The Congressional Budget Office has released a study on the Tax Preferences for College Sports. The main findings:
Athletic departments in NCAA Division I schools derive a considerably larger share of their revenue from commercial activities than do other parts of the universities.
In the case of Division IA schools (a subset of schools in Division I that meet NCAA requirements for football programs), 60 percent to 80 percent of athletic departments’ revenue comes from activities that can be described as commercial. That proportion is seven to eight times that for the rest of the schools’ activities and programs, suggesting that their sports programs may have crossed the line from educational to commercial endeavors. Revenue from commercial activities accounts for a much smaller share of athletic department revenue (20 percent to 30 percent) for schools in the rest of Division I.
Nonetheless, removing the major tax preferences currently available to university athletic departments would be unlikely to significantly alter the nature of those programs or garner much tax revenue even if the sports programs were classified, for tax purposes, as engaging in unrelated commercial activity.
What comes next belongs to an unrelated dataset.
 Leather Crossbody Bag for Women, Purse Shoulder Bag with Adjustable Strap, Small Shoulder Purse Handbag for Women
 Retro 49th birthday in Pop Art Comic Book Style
As long as athletic departments remained a part of the larger nonprofit or public university, schools would have considerable opportunity to shift revenue, costs, or both between their taxed and untaxed sectors, rendering efforts to tax that unrelated income largely ineffective.
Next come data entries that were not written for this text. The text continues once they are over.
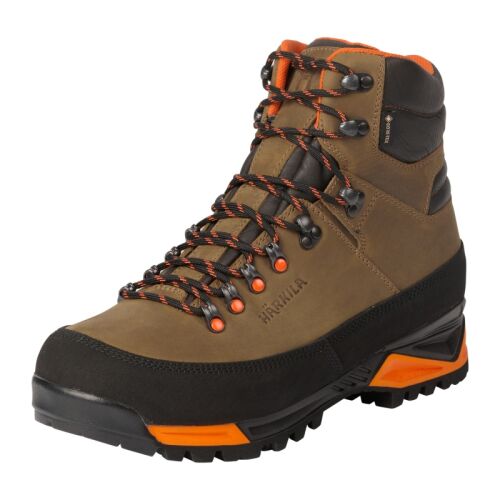 Härkila Herren Schuh Saxnäs GTX Orange Mid Brown//orange 40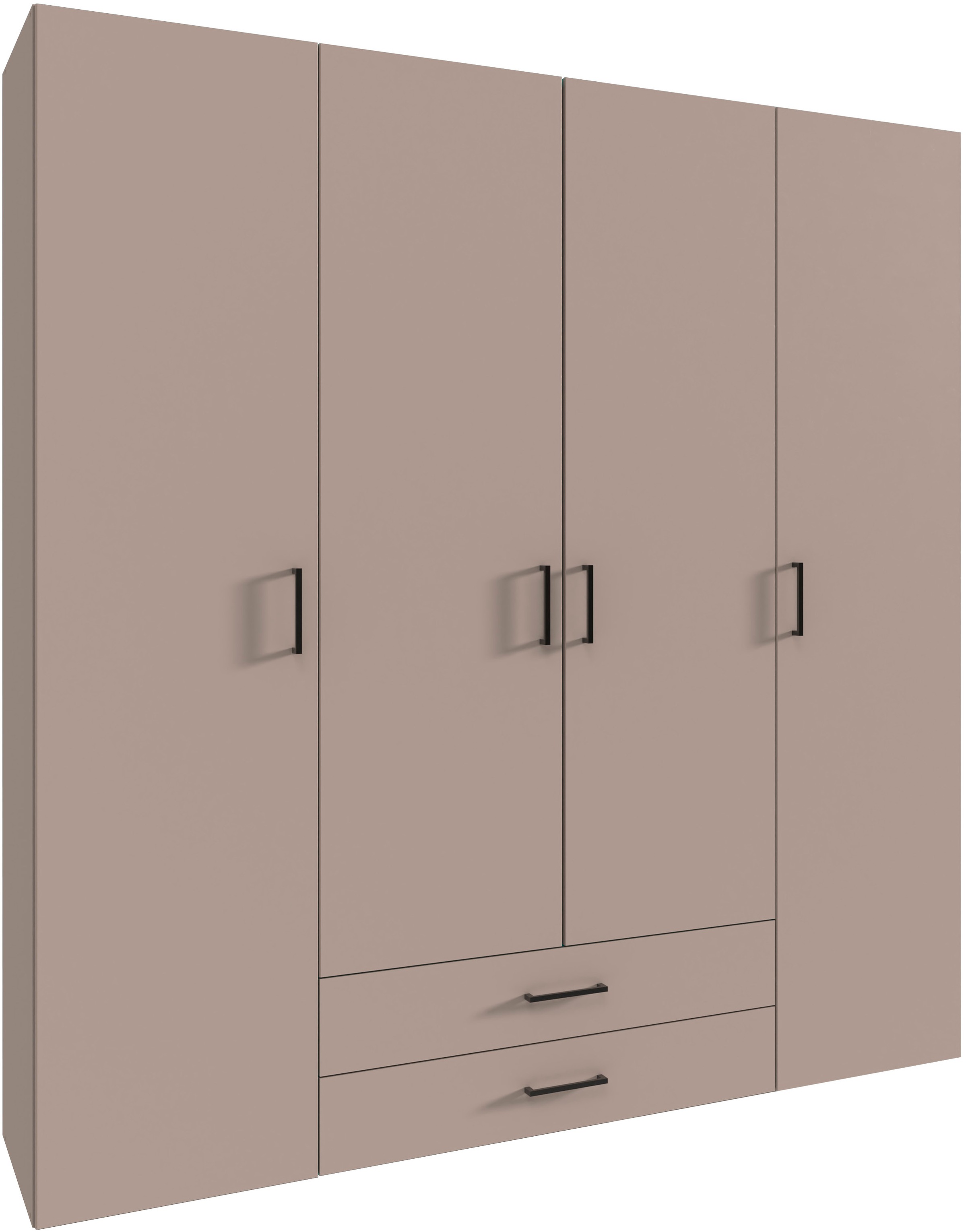 Wimex Drehtürenschrank »Mugano« mit langen oder kurzen Griffen aus Metall, günstig online kaufen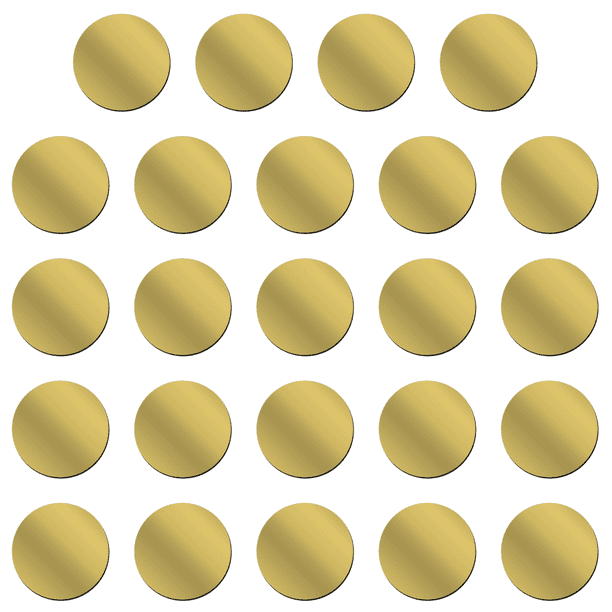 Etiqueta Engomada La Pared Del Espejo 3D Room Art Home Acrílico Mural Decor (Oro 10 Cm)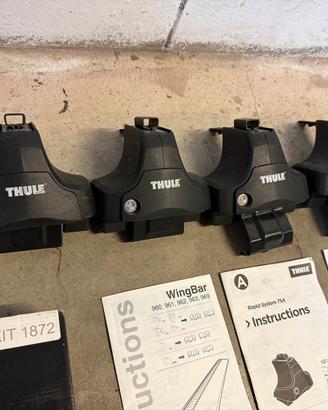 Thule WingBar 127 + RapidSystem  754 + kit 1872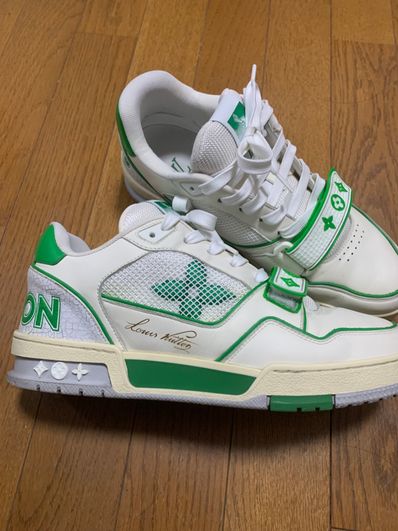 LOUIS VUITTON TRAINER LINE SNEAKER VEIL "Green"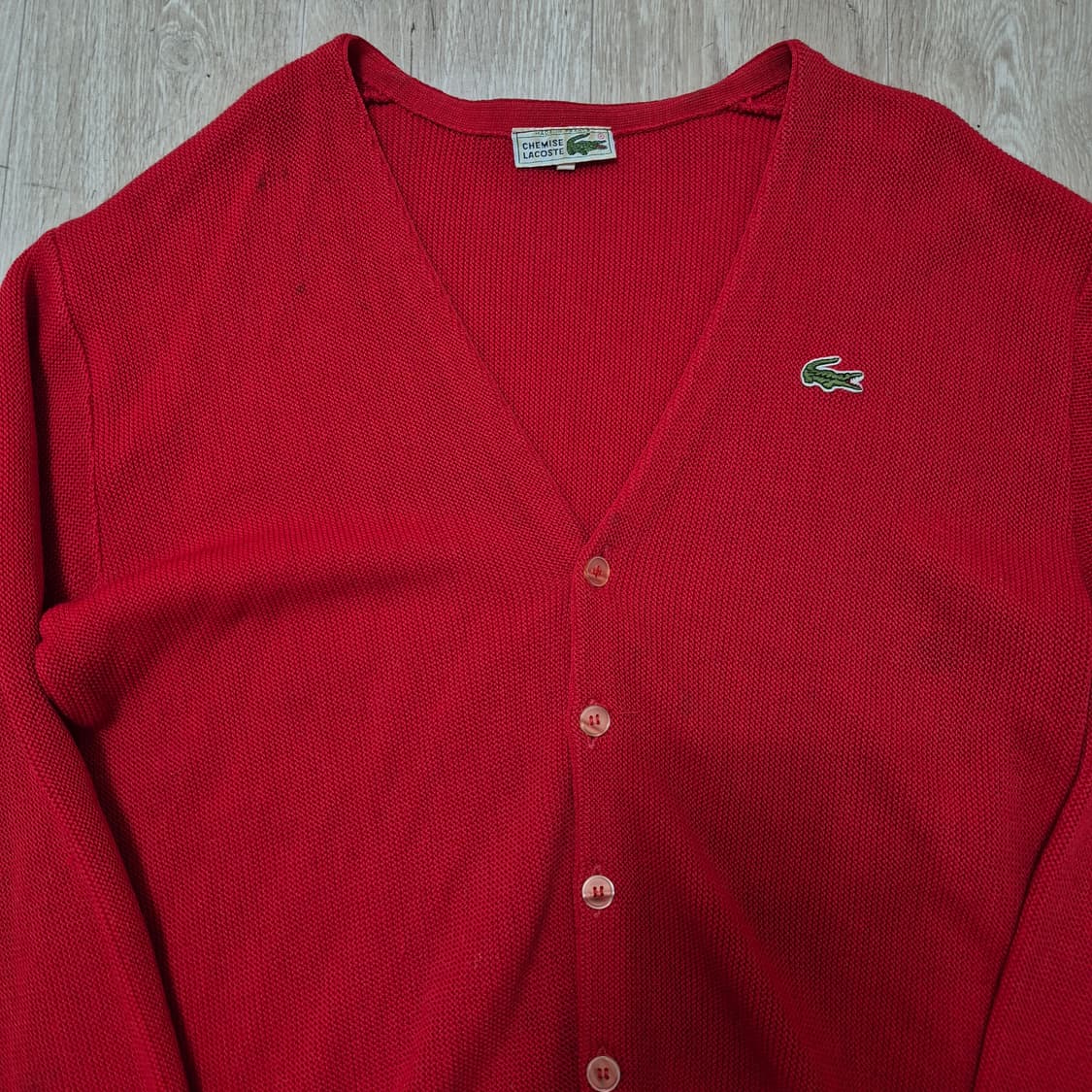 라코스테 키즈 크록패치 울 가디건 (16) 상품이미지2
Congress has been looking in to the commercialization of intercollegiate athletics recently, which prompted the study. Sen. Charles Grassley is quoted in this story, whining about the problem and the study, presumably since it throws cold water on Congress' ambition to alter the nature of college sports by threatening to change their tax treatment. I think the CBO study (get it here) is a useful source of facts and analysis on the issue, with informative tables on revenue sources and estimated profitability of sports programs at the 164 D1 institutions. Recommended.